Это я говорю с тобой, я вспоминаю тебя, просыпаясь от слепящего глаза солнца и думая, что сегодня ты уже приехала и ждешь на грязном автовокзале, оглушенная бессонницей, одетая по-дорожному – в черной куртке, обтягивающих брюках и остроносых полусапожках. Я – тот человек, который вышел встречать тебя за час до твоего приезда, чтобы избежать какого-нибудь недоразумения. Он смотрит на табло расписаний, беспокойно спрашивает служащего, видит, как ты ищешь его глазами из окна автобуса, только что подъехавшего к вокзалу с непростительным опозданием на десять минут. У него обрывается сердце, он идет к тебе среди смутных фигур и, увидев твою растрепанную шевелюру и спокойную счастливую улыбку, думает, шепчет, как молитву – за секунду до того, как ты жадно и отчаянно обнимаешь его:
– Дог, Сойд, Браузен, Элохим, кем бы ты ни был и где бы ни находился, хозяин тварей и червей, повелитель океанов и ничтожных человеческих толп, неразумный властитель иронии, разрушения и случая, ты создал ее в точности по моему желанию, сотворил ее лицо, талию, руки, щиколотки и ноги, породил меня и спасал день заднем, чтобы я возмужал и встретил ее. Благодаря тебе мы оказались однажды утром в одном и том же месте в Мадриде, а потом ты привел ее ко мне в кафе нью-йоркской гостиницы. Не допусти же, чтобы я потерял ее сейчас, чтобы меня отравил страх и привычка к разочарованию, храни ее для меня так же, как хранил ее предков, чтобы они произвели ее на свет, как вселил смелость в измученное сердце ее отца в ту июльскую ночь и отправил его в изгнание – с единственной целью, чтобы через двадцать лет для меня родилась она. Если же ты, несмотря ни на что, решишь отнять ее, не допускай медленного угасания и лжи, испепели меня в первую секунду первой минуты гнева или скуки. Пусть я лучше буду мучиться в одиночестве, чем спокойно деградировать рядом с ней, когда для нас не останется ни примирения, ни утешения, ни будущей жизни, когда прикосновения наших рук начнут обжигать нас как крапива, и мы посмотрим друг на друга, как восковые статуи со стеклянными глазами. Но, если возможно, дай нам способность никогда не уставать от любви, озари и ослепи нас, подари нам будущее, от которого мы впервые в жизни не захотели бы отречься.
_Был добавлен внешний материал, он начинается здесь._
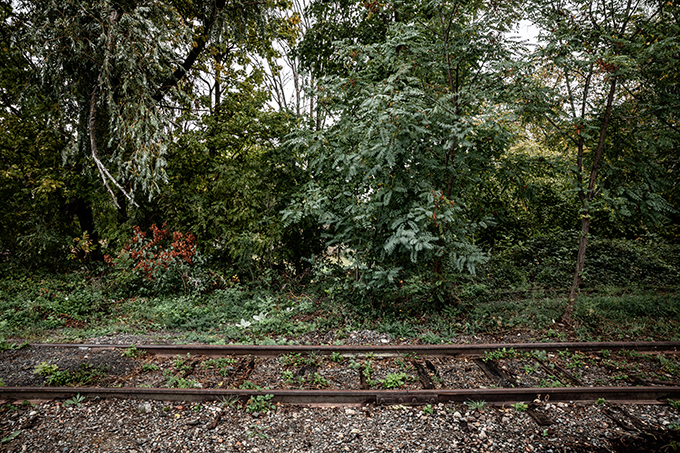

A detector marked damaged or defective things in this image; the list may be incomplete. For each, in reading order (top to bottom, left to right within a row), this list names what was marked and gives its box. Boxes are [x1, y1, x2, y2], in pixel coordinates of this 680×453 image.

rusty railway track [3, 340, 680, 404]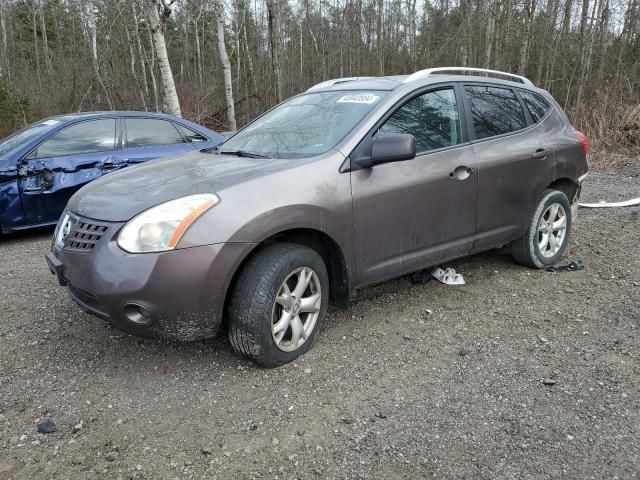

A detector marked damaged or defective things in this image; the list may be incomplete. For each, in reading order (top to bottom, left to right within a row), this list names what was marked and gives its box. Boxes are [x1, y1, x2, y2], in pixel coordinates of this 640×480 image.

damaged blue sedan [0, 111, 224, 233]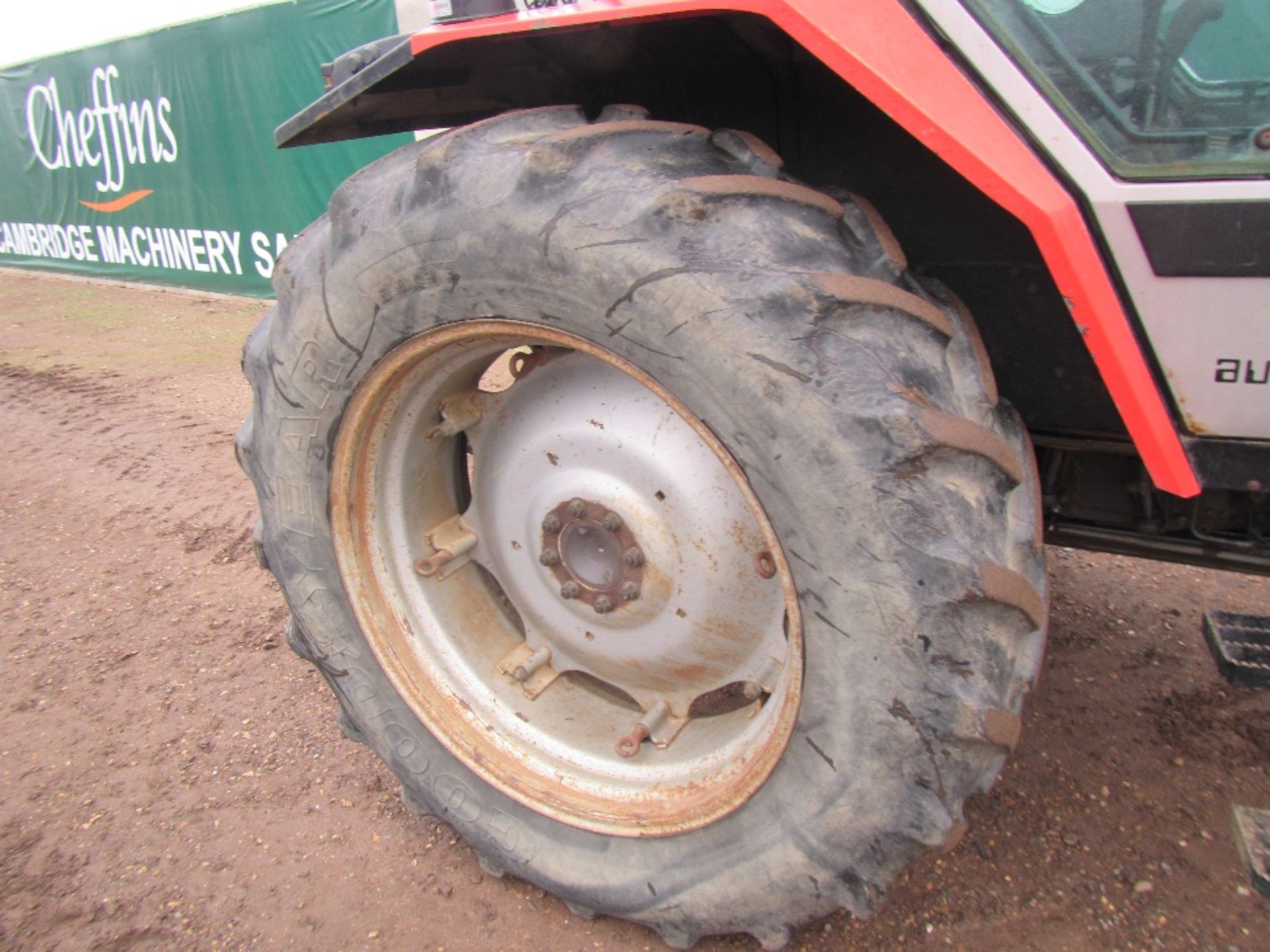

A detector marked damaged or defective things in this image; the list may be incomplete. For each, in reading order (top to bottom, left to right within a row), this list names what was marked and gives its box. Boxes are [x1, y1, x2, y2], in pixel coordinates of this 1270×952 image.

Я помню то, чего еще не пережил, боюсь быть в полной мере тем, кто я есть. В вестибюле махинского автовокзала по громкоговорителю объявляют о прибытии автобуса из Мадрида, я сокращаю время, чтобы сию же минуту обнять твое страстное стройное тело. Ты идешь ко мне с сумкой на плече и чемоданом в руке, появляешься перед кроватью в комнате гостиницы, с падающими на обнаженные плечи волосами, я ничего не помню, совсем незаметно стало темнеть. «Я не знаю, где мы с тобой – в Махине, Нью-Йорке или Мадриде», – говорит Надя. Мне все равно, я чувствую лишь благодарность и желание.
[1] Подкидыш (исп.).
[2] Самобытный испанский жанр – пьеса с пением и танцами.
[3] Hazana – подвиг (исп.).
[4] Полотняная обувь с плетеной подошвой.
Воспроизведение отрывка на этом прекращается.